# 1. Importing Libraries

In [1]:
import cv2 #opencv
import numpy as np
import os   #helps with path
from matplotlib import pyplot as plt #to use plt.imshow()
import time              #to measure time between frames 
import mediapipe as mp   


# 2 . drawingutil and hands module

In [2]:
mpDraw=mp.solutions.drawing_utils
mpHands=mp.solutions.hands

# 3. Function to detect points on hands and then drawing on the hands

In [3]:
def mediapipe_detection(image, model):
    image = cv2.cvtColor(image, cv2.COLOR_BGR2RGB) # COLOR CONVERSION BGR 2 RGB because by default opencv use bgr but we need rgb for mediapipe to process image
    image.flags.writeable = False                  # Image is no longer writeable
    results = model.process(image)                 # Make prediction
    image.flags.writeable = True                   # Image is now writeable 
    image = cv2.cvtColor(image, cv2.COLOR_RGB2BGR) # COLOR COVERSION RGB 2 BGR
    return image, results

In [4]:
def draw_landmarks(image, results):
    if results.multi_hand_landmarks:
        for num, handsLms in enumerate(results.multi_hand_landmarks):
            mpDraw.draw_landmarks(image,handsLms, mpHands.HAND_CONNECTIONS,
                             mpDraw.DrawingSpec(color=(121,22,76), thickness=2, circle_radius=4), 
                             mpDraw.DrawingSpec(color=(121,44,250), thickness=2, circle_radius=2) )

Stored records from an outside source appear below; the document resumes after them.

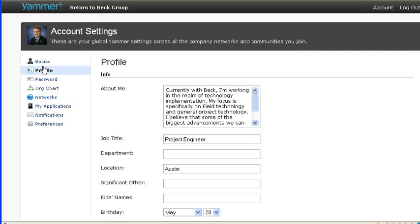So I hope that's helpful. A helpful way to modify your notification settings to make the most out of Yammer. Thanks.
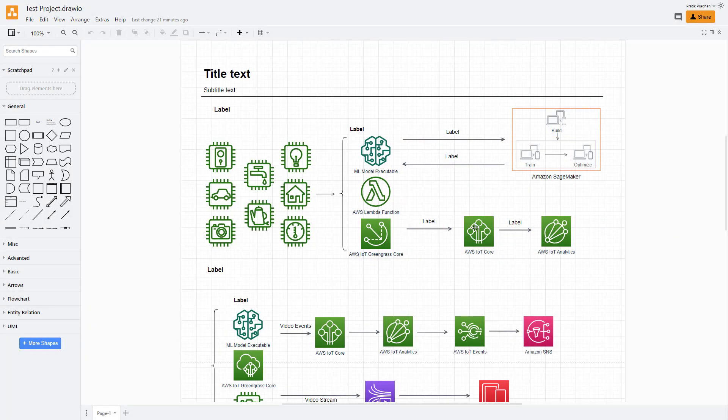So over here, the diagram that you see right here can be embedded directly in Google Docs, Google Slides, or Google Sheets as well. I'm just going to demonstrate this with Google Docs, and the process for Google Slides or Google Sheets is the same as well.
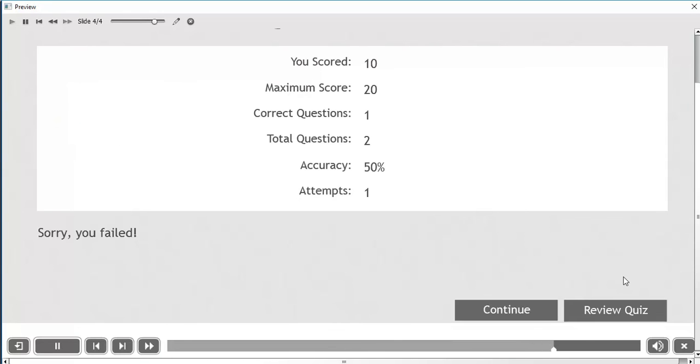Then I go back to the quiz results tab, and that is all there is to it. We've quickly and easily created a true and false quiz in Adobe Captivate 9.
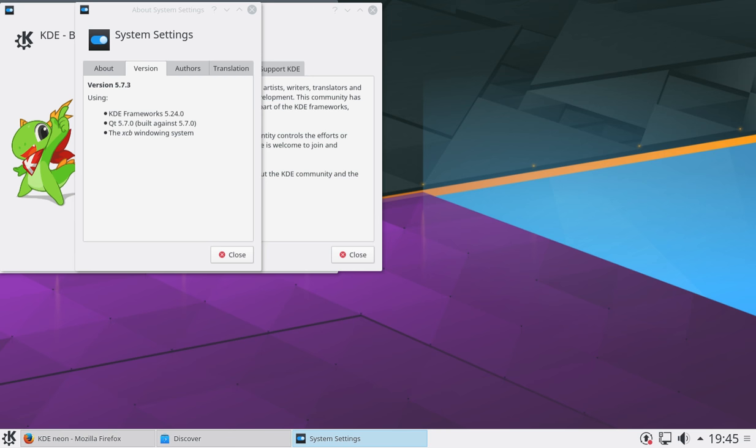This is Neon version 5.7.3. And you may have heard of Neon before. Its unique selling point is that it's built on top of the latest long-term support release of Ubuntu, so that means 16.04.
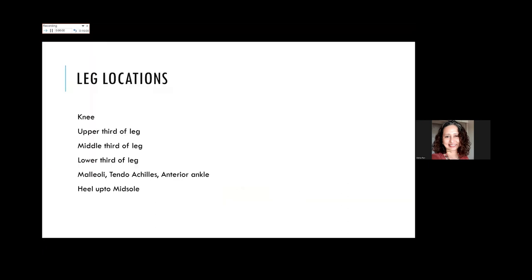When talking about coverage of the leg, we divide it into zones: the knee, upper third of the leg, middle third, lower third, the malleoli, Achilles tendon, anterior ankle, and sole. Flaps done for the upper third often also reach the knee. Some flaps reaching the Achilles tendon also extend to the heel.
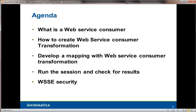Hello everybody, my name is Vinat from Global Customer Support. Today I'm going to show you how to create a web service consumer transformation in PowerCenter. Our agenda is: how to create a web service consumer transformation, develop a mapping with the web service consumer, run the session against it, check the results, and also talk a bit about web service security within the web service consumer transformation.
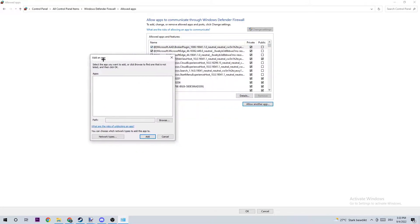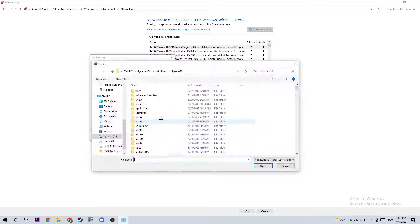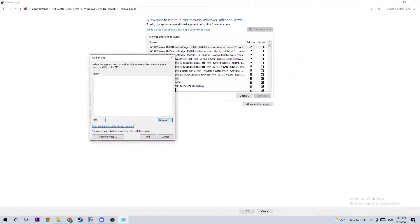And once add an app pops up, I want you to basically click on browse and search for your Phasmophobia. I can't really tell you now how to find it because everyone located it somewhere different. So just search it and click on open when you found it. And once you clicked on open, I want you to click on add.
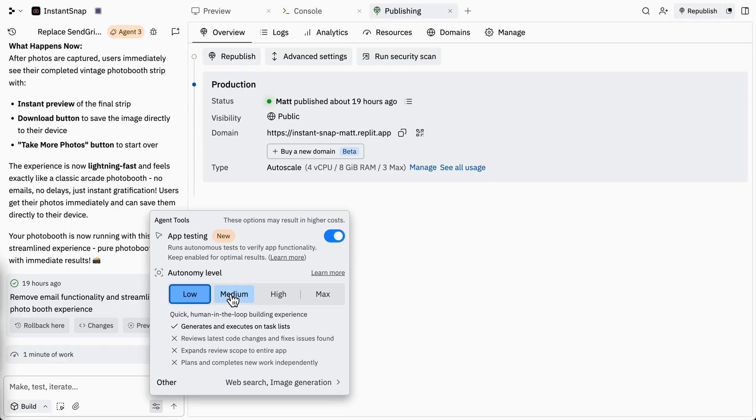You can toggle the autonomy modes from the Agent settings pane within the Replit workspace. As you're building your next project, think about your style of working at that moment and make a choice between low all the way up to max autonomy that suits how you would like to iterate with Agent — how fast you want those feedback loops to be, or maybe if you want them to be a bit longer and more hands-off.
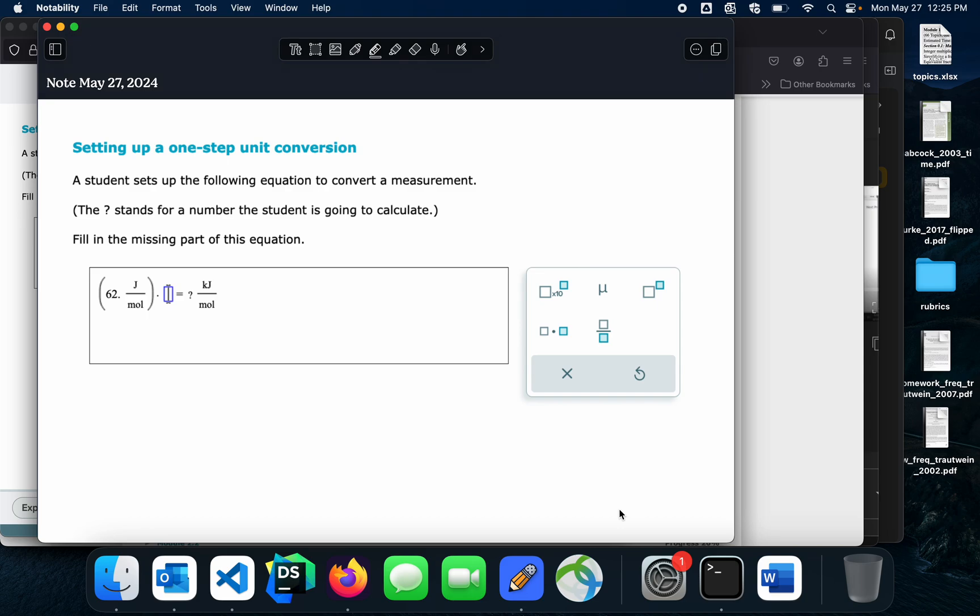Alright, so got a couple of requests for this topic from Alex, setting up a one-step unit conversion.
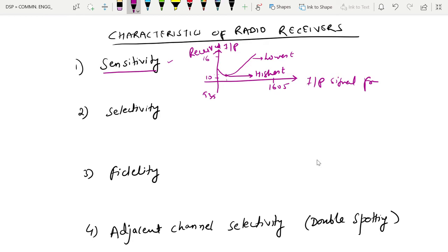Typically, for a commercial broadcast band receiver, the sensitivity is 50 microvolts — that is the minimum RF signal level that can be detected at the input of the receiver to produce a usable demodulated information signal with a minimum acceptable signal-to-noise ratio, so that we can retrieve the information efficiently.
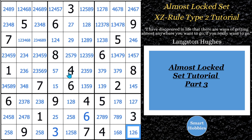Greetings, friend. This is the third part of my Almost Lock Set tutorial series. In this one, I want to talk to you about Almost Lock Set XZ Rule Type 2. Click on the link below if you want to try any of these puzzles yourself. And with that, it's solving time.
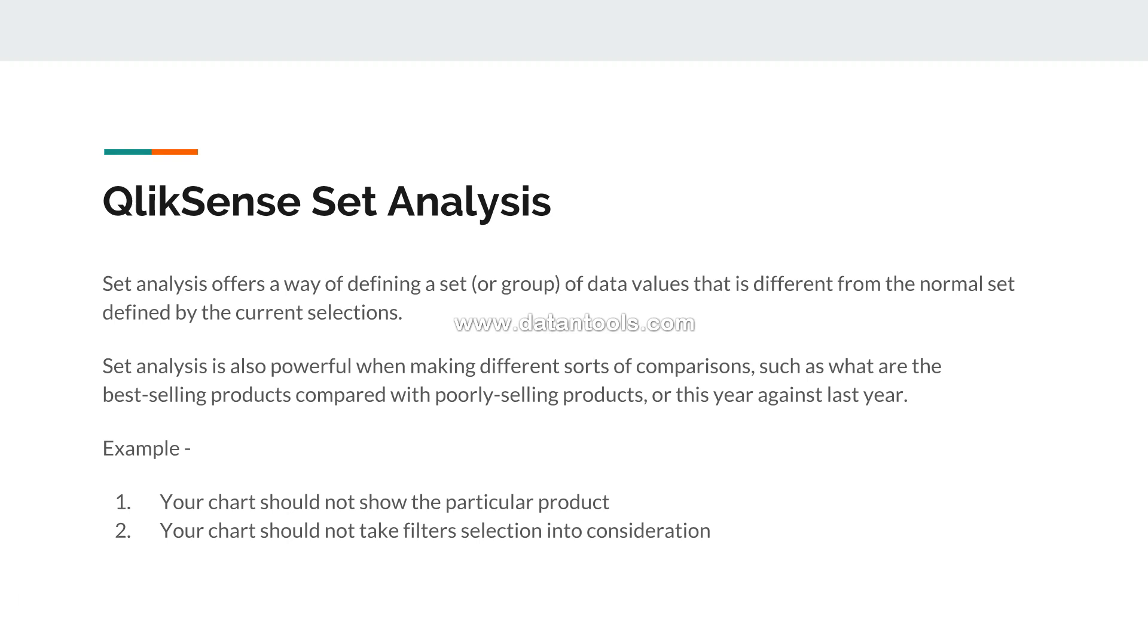So whatever filters that you are using to make changes into the chart, you want the rest of the other charts - let's say five charts you have on the front end - you want four charts to take the filter selection into consideration, but not just one particular chart because you want to show the entire picture compared to how you are making a selection and the values that are changing into the chart.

# 4. function to get handedness ie left or right and to extract point to numpy array

In [5]:
def get_label(index,results):
    label = None
    for idx, classification in enumerate(results.multi_handedness):
        if classification.classification[0].index == index:
            label = classification.classification[0].label
#         print(index,idx,label)
    if label:
        return label
    else:
        if index == 1:
            return get_label(0,results)
        elif index == 0:
            return get_label(1,results)
        else:
            return label
def extract_keypoints(results):
    hands = [np.zeros(21*3),np.zeros(21*3)]
    if results.multi_hand_landmarks:
        for num, handsLms in enumerate(results.multi_hand_landmarks):
            label = get_label(num,results)
            if label == 'Right':
                hands[0] = np.array([[res.x, res.y, res.z] for res in handsLms.landmark]).flatten()
            if label == 'Left':
                hands[1] = np.array([[res.x, res.y, res.z] for res in handsLms.landmark]).flatten()
            
    return np.concatenate(hands)

# 5. Number of videos of dataset and videolength

In [6]:
# Thirty videos worth of data
no_videos = 200

# Videos are going to be 30 frames in length
video_length = 30

# 6. defining path of dataset and also path where we will store the processed data ie folder p1data in current directory

dataset link <a href="https://drive.google.com/drive/folders/1RZaXXy3pr7YLSv1jKFXDgmNC2nzkgV1P?usp=sharing">DATASET<a>

In [25]:
cwd = os.getcwd()
print(cwd)

C:\Users\91963\Desktop\HandSignRecognition\DEMO


In [8]:
datapath = os.path.join('KgData/asl4g/train/')
os.listdir(datapath)

['A',
 'B',
 'C',
 'D',
 'del',
 'E',
 'F',
 'G',
 'H',
 'I',
 'J',
 'K',
 'L',
 'M',
 'N',
 'nothing',
 'O',
 'P',
 'Q',
 'R',
 'S',
 'space',
 'T',
 'U',
 'V',
 'W',
 'X',
 'Y',
 'Z']

In [9]:
#path for numpy array of data
DATA_PATH = os.path.join('p1Data')

In [10]:
os.listdir(cwd)

['.ipynb_checkpoints',
 'HandGestureRecognition.ipynb',
 'HandGestureRecognitionNeuralNetwork.ipynb',
 'KgData',
 'model1.h5',
 'p1Data',
 'trainLogsdLstm']

# 7. defining the categories of signs 

In [7]:
categories = np.array(['A','B','C','D','E','F','G','H','I','J','del','space','nothing'])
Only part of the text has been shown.